Quando pensamos em gelo e sal, o normal é imaginar uma estrada no meio do inverno: a neve acumulada sobre o asfalto, os camiões espalhando sal às pressas e os vizinhos tentando não escorregar nas calçadas geladas. É uma cena típica no norte ou em zonas montanhosas, onde o inverno transforma a paisagem num cartão postal, mas também num desafio diário para quem tem de se deslocar entre estradas cortadas ou passagens para peões transformadas em armadilhas.
O que costumamos ver como uma simples ajuda contra o gelo nas estradas pode, na verdade, esconder um potencial energético. Uma equipa da Universidade de Xi’an Jiaotong, em colaboração com o ICN2 e a Universidade Stony Brook, conseguiu prová-lo em laboratório.
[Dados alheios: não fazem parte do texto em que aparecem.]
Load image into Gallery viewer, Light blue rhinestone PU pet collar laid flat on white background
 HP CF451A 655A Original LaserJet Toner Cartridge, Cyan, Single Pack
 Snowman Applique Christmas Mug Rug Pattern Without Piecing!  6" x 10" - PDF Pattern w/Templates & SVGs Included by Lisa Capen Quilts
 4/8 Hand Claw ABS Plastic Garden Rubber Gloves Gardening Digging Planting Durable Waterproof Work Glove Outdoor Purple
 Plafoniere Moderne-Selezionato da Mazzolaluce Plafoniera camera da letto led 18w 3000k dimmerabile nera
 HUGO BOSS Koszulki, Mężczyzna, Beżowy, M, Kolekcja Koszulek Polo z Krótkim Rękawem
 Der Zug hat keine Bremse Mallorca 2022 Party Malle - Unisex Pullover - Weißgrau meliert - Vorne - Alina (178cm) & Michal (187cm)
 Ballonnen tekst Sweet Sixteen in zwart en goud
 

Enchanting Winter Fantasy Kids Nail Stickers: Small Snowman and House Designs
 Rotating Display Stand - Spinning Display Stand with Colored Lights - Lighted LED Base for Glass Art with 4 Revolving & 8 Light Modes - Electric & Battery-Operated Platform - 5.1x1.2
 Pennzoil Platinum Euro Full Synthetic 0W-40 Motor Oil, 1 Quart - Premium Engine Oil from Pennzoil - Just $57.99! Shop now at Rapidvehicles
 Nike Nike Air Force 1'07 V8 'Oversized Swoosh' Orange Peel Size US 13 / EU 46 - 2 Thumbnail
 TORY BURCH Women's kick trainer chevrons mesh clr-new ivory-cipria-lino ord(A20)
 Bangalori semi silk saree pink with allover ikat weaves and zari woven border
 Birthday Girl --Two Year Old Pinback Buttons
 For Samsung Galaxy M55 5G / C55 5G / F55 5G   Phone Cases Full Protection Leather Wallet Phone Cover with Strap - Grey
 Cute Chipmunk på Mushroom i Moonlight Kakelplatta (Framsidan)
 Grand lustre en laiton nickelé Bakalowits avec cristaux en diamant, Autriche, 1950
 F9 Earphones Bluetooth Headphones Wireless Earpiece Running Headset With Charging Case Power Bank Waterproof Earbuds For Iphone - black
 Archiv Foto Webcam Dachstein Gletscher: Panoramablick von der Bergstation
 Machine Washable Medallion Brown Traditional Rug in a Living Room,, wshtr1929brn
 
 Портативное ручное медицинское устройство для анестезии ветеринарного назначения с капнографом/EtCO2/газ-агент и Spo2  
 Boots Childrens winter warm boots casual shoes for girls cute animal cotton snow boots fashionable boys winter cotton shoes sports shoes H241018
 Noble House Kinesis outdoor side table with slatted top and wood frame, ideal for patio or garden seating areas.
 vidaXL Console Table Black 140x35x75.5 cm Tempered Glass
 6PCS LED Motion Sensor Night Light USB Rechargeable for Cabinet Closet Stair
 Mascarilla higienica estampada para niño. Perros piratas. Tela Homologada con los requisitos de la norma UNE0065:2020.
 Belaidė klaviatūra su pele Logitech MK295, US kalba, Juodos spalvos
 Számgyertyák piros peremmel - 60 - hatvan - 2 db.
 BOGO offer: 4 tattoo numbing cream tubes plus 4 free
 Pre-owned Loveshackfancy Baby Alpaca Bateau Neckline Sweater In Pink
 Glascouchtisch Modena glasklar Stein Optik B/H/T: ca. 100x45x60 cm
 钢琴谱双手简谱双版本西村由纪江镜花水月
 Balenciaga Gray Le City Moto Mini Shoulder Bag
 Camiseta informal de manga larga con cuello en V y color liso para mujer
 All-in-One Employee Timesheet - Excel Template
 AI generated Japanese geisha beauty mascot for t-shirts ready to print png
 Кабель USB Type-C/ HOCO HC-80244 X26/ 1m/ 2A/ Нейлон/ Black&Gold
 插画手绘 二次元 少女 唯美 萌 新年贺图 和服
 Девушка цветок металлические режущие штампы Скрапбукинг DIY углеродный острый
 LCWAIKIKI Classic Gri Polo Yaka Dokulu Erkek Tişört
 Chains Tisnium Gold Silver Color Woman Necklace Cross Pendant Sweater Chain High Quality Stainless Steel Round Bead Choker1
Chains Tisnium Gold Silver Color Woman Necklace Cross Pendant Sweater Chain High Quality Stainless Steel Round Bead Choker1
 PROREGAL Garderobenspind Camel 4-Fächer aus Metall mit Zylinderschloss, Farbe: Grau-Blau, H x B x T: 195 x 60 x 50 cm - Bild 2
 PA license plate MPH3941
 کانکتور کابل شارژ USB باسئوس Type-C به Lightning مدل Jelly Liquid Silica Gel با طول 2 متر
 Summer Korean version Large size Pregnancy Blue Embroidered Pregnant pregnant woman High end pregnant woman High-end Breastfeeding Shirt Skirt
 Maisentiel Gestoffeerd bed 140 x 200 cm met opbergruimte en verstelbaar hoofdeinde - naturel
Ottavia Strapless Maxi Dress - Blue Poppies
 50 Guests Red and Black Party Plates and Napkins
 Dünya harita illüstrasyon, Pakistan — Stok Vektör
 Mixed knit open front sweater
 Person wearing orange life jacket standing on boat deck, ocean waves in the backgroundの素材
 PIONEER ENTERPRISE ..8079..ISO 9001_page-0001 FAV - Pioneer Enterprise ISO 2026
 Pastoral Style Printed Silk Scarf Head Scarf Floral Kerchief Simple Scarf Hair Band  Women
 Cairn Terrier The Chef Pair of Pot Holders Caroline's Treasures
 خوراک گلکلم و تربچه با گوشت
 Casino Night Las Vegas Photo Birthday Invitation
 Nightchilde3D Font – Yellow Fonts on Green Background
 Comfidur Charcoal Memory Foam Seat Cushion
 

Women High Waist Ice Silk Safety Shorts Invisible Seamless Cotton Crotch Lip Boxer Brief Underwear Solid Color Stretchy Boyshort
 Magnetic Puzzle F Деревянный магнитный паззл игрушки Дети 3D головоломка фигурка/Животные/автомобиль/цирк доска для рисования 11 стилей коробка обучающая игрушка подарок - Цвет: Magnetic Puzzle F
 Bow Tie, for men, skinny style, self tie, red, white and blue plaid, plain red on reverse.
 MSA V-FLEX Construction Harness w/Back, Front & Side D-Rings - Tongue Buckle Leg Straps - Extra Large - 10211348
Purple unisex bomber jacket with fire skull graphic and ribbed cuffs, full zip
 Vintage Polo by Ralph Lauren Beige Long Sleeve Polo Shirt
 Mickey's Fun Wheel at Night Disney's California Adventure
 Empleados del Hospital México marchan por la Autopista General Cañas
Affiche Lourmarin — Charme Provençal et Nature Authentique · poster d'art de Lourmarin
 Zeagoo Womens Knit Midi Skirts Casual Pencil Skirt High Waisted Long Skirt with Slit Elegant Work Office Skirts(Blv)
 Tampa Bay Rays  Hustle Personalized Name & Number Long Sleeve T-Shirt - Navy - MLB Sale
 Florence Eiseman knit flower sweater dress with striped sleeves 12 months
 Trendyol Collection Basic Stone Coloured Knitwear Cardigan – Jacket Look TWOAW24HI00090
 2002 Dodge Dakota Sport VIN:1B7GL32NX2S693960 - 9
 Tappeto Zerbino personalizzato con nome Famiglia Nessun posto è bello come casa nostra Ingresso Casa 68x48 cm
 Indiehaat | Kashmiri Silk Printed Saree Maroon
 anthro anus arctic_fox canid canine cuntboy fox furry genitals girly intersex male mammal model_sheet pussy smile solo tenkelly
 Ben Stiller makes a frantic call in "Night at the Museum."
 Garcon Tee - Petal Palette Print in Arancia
Uma descoberta com “sabor” de sal. Uma pitada de sal para que um material, ao se deformar, produza eletricidade. Esse fenômeno tem um nome e é chamado de flexoeletricidade. Ele já havia sido observado em geleiras em movimento ou em placas de gelo sob pressão, mas nunca com resultados tão potentes quanto os obtidos neste estudo.
De acordo com o estudo, a equipa congelou água com diferentes concentrações de sal comum (NaCl) e criou blocos de gelo em várias formas: cones, vigas e placas. Em seguida, aplicaram testes de flexão — colocando o gelo sobre dois suportes e exercendo pressão a partir de cima — e mediram a eletricidade gerada. O resultado foi surpreendente: o gelo salgado gerou até 1.000 vezes mais carga elétrica do que o gelo puro.
O ingrediente chave. Mas como é que o sal pode potenciar algo tão inerte como o gelo? A resposta está nos microcanais de água salgada que ficam presos entre os cristais. Conforme detalhado no comunicado de imprensa do ICN2, o sal impede que o gelo congele completamente. Ao dobrar, a água e os iões de sal deslocam-se das zonas comprimidas para as esticadas, gerando um fluxo de carga elétrica, o que os cientistas chamam de “streaming current” (corrente de arrasto).
Em termos práticos, o efeito é tão forte que os dispositivos experimentais atingiram valores comparáveis aos melhores materiais piezoelétricos usados atualmente na indústria, de acordo com a investigação.
Depender do gelo. À primeira vista, esta tecnologia poderia ter aplicações em ambientes extremos, como estações científicas em regiões polares, onde é muito difícil instalar infraestruturas energéticas convencionais.
A descoberta contrasta com a realidade. Desde o ano 2000, os glaciares perderam 273 mil milhões de toneladas de água por ano, segundo a ESA. Isso equivale ao consumo de toda a população mundial durante três décadas. O recuo já se traduz numa perda de 5% do volume global de gelo, com consequências visíveis: aumento do nível do mar e menor disponibilidade de água doce em rios como o Ebro. Assim, falar do gelo como recurso energético levanta um paradoxo incómodo: depender de algo que derrete cada vez mais rapidamente.
Isso não é tudo. Para além dos dilemas ambientais, o próprio estudo reconhece que ainda há muito por resolver. Como apontam na TechXplore, os dispositivos de gelo salgado sofrem fadiga mecânica: após muitos ciclos de flexão, a sua capacidade de gerar energia pode cair até 80%. Além disso, grande parte da energia é perdida na forma de calor, o que faz com que a eficiência ainda seja inferior à dos dispositivos piezoelétricos comerciais.
A visão é ampla. Mesmo assim, a descoberta abre uma porta fascinante. «As suas vantagens — abundância, sustentabilidade e baixo custo — tornam-no um candidato promissor para tecnologias limpas», sublinha o ICN2. E os investigadores acreditam que o modelo não se limita ao gelo: poderia ser aplicado a outros sólidos porosos que contenham líquidos no seu interior.
O paradoxo, no entanto, persiste: enquanto a ciência explora como aproveitar a energia oculta no gelo, as alterações climáticas derretem-no a um ritmo alarmante. Talvez esta descoberta não sirva apenas para pensar em novas tecnologias, mas também para lembrar o valor de um recurso que está a desaparecer.